Looks pretty familiar yes? Welp... now we have arrived at the feminism portion of this blagging. Palin has been held by some, and most importantly herself, as a feminist. Since feminism has many schools of thought which all fight with each other and contradict one another, I can't help but agree that she could be called a feminist. If I can be frank though, she holds the same views as other neo-conservative men in politics which is probably why McCain got her in the VP slot for the Republican party way back when. There is no denying that she is neo-con as is Christine O'Donnell of the Teabaggers and some more of those crazy women on the Fox news who eat from the finger tips of Glenn Beck (ffs). The thing that is important to remember here is that truth is not important to them. All that is important is emotion and ignorance. Iraq doesn't have a WMD program? oh well, Saddam Hussein and Osama Bin Laden are practically brothers and so we should go to war. Did you know that the majority of Americans believes that there is a connection between Iraq and Al'Qaeda. In truth they hated each other... but if we're told over and over and over and over that there is a connection then that's all the public needs to believe it. To repeat what Baudrillard said, "a constant stream of appearances and references without any direct consequences to viewers or readers could eventually render the division between appearance and object indiscernible..." thus making us indifferent. But more importantly to neo-con politicians, when it comes to voting season it's important to know where the misinformation came from.

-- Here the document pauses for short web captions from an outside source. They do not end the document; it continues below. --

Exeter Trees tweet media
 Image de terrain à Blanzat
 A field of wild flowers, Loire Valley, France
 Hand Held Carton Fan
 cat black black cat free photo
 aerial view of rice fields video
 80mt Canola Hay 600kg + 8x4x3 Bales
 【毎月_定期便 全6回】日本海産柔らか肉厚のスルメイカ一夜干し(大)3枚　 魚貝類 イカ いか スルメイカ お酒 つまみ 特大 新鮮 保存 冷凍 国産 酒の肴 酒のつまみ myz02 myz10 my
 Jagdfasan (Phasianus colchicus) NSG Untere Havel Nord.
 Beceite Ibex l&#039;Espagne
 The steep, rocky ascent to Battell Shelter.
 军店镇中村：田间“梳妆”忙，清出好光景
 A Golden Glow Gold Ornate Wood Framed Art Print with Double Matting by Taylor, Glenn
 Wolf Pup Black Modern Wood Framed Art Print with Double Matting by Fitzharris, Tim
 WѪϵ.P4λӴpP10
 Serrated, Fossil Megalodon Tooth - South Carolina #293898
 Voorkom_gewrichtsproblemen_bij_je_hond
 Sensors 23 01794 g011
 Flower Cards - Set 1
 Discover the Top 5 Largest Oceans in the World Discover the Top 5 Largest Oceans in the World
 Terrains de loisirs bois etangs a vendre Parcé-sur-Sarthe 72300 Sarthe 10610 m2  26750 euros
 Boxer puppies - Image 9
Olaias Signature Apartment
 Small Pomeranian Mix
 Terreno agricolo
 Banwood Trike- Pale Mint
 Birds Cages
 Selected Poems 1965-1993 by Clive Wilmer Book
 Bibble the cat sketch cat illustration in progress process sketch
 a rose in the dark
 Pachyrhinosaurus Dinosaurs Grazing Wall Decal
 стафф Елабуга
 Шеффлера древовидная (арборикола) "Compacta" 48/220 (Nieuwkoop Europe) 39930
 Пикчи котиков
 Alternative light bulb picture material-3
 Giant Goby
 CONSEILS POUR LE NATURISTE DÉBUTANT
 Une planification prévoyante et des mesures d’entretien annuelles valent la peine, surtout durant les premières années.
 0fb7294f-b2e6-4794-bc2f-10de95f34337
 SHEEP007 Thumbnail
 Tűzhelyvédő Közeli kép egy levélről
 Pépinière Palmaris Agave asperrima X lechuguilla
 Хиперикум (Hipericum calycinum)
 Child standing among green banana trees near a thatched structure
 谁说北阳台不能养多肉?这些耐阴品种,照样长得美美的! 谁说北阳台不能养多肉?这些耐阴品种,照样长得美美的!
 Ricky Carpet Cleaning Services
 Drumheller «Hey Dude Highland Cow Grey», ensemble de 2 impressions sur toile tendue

The neocon women are a new face of power for women. I know that a lot of feminists hate this fact because Palin and her cronies espouse philosophies that are damaging to other schools of feminism... but any press is good press. I suppose the only way I can justify calling Palin a feminist is that the definitions of words and philosophies evolve over time. If Palin calls herself a feminist, she changes the definition of the word to incorporate the things that she stands for... it might not jive with traditional feminism but it doesn't need to. Her feminism is allowed to be different from Virginia Woolf's feminism so long as its understood that they have a common ancestor. I liken it to gorillas and humans. They are not the same but the linkage is that we have a common ancestor and split off into different species. Can't the same be said for Woolf's feminism and Palin's feminism? I'd like to believe that this whole posting would come down to a punchline to the longest joke I've ever written, but there is no denying that while feminism is typically associated with hairy women... in a battle between Woolf and Palin, Palin is the gorilla of the two. =)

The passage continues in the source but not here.